Your model shifts and scales the argument of $\phi$ and scales its values for arguments exceeding the breakpoint $\zeta,$ thereby requiring three parameters for $x\ge \zeta,$ which we could parameterize as

$$f_{+}(x;\mu,\sigma,\gamma) = \gamma\, \phi\left(\frac{x-\mu}{\sigma}\right).$$

For arguments less than the breakpoint you want a linear function

$$f_{-}(x;\alpha,\beta) = \alpha + \beta x.$$

Assure continuity by matching the values at the breakpoint. Mathematically this means

$$f_{-}(\zeta;\alpha,\beta) = f_{+}(\zeta;\mu,\sigma,\gamma),$$

enabling us to express one of the six parameters in terms of the other five. The simplest choice is the solution

$$\alpha = \gamma\, \phi\left(\frac{\zeta-\mu}{\sigma}\right) - \beta\,\zeta.$$

The resulting model will almost never be differentiable at $\zeta,$ but that doesn't matter.


The illustration in the question shows only four data points, which won't be enough to fit five parameters. But with more data points, measured with a little bit of mean-zero, iid error, a nonlinear least squares algorithm can succeed, especially if provided good starting values (which is an art in itself) and if some care is taken to re-express the parameters that must be positive ($\gamma$ and $\sigma$). Here is a comparable dataset with ten datapoints, obviously measured with substantial error:

Figure

It illustrates what the model looks like, how well it might fit even with such a small dataset, and what a likely 95% confidence interval for the breakpoint $\zeta$ might be (it is spanned by the red band). To find this fit I used $(\zeta,\beta,\mu,\log(\sigma),\log(\gamma))$ for the parameterization, requiring no constraints at all: see the call to nls in the code example below.

You can find effective starting values by eyeballing the data plot, which will clearly indicate reasonable values of $\beta,$ $\zeta,$ and possibly $\gamma.$ You might have to experiment with the other parameters. The model is a little dicey because there may be very strong correlations among $\zeta,$ $\sigma,$ $\gamma,$ and $\mu:$ this is characteristic of the logistic function, especially when only part of that function is reflected in the data.

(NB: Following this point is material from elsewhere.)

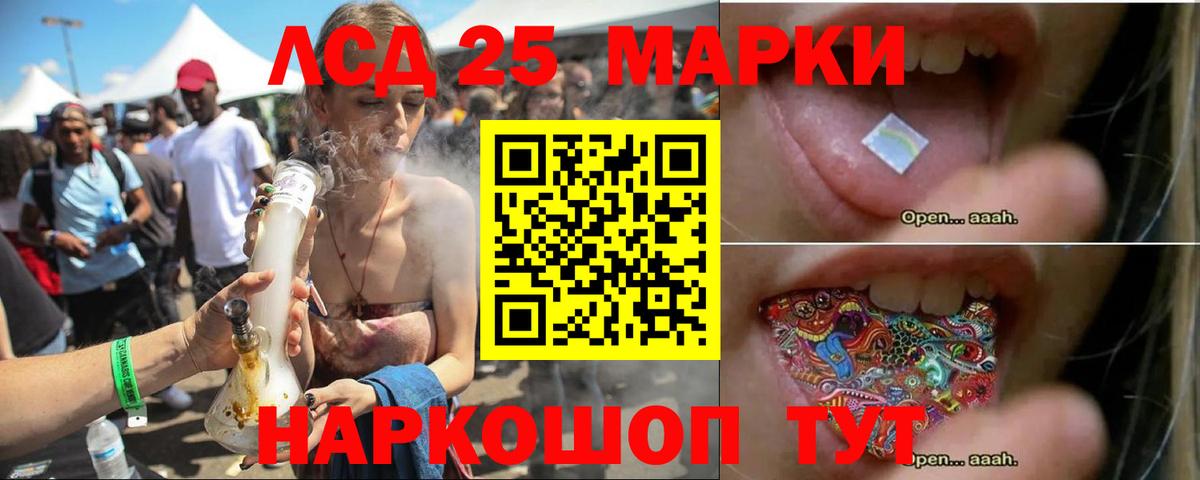 Сыктывкар  Лсд 25 экстази  Вход с VPN  Лсд 25 экстази кислота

To give you a leg up on experimenting and developing a solution, here is the R code used to create examples like this, fit the data, and plot the results. For experimentation, comment out the call to set.seed.

#
# The model.
#
f <- function(z, beta=0, mu=0, sigma=1, gamma=1, zeta=0) {
  logistic <- function(z) 1 / (1 + exp(-z))
  alpha <- gamma * logistic((zeta - mu)/sigma) - beta * zeta
  ifelse(z <= zeta,
         alpha + beta * z,
         gamma * logistic((z - mu) / sigma))
}
#
# Create a true model.
#
parameters <- list(beta=-0.0004, mu=705, sigma=20, gamma=0.65, zeta=675)
#
# Simulate from the model.
#
X <- data.frame(x = seq(540, 770, by=25))
X$y0 <- do.call(f, c(list(z=X$x), parameters))
#
# Add iid error, as appropriate for `nls`.
#
set.seed(17)
X$y <- X$y0 + rnorm(nrow(X), 0, 0.05)
#
# Plot the data and true model.
#
with(X, plot(x, y, main="Data with True and Fitted Models", cex.main=1, pch=21, bg="Gray"))
mtext(expression(paste("Black: true; Red: fit.  Vertical lines show ", zeta, ".")),
      side=3, line=0.25, cex=0.9)
curve(do.call(f, c(list(z=x), parameters)), add=TRUE, lwd=2, lty=3)
abline(v = parameters$zeta, col="Gray", lty=3, lwd=2)
#
# Fit the data.
#
fit <- nls(y ~ f(x, beta=beta, mu=mu, sigma=exp(sigma), gamma=exp(gamma), zeta=zeta), 
           data = X, 
           start = list(beta=-0.0004, mu=705, sigma=log(20), zeta=675, gamma=log(0.65)),
           control=list(minFactor=1e-8), trace=TRUE)
summary(fit)
#
# Plot the fit.
#
red <- "#d01010a0"
x <- seq(min(X$x), max(X$x), by=1)
y.hat <- predict(fit, newdata=data.frame(x=x))
lines(x, y.hat, col=red, lwd=2)
#
# Display a confidence band for `zeta`.
#
zeta.hat <- coefficients(fit)["zeta"]
se <- sqrt(vcov(fit)["zeta", "zeta"])
invisible(lapply(seq(zeta.hat - 1.645*se, zeta.hat + 1.645*se, length.out=201), 
      function(z) abline(v = z, col="#d0101008")))
abline(v = zeta.hat, col=red, lwd=2)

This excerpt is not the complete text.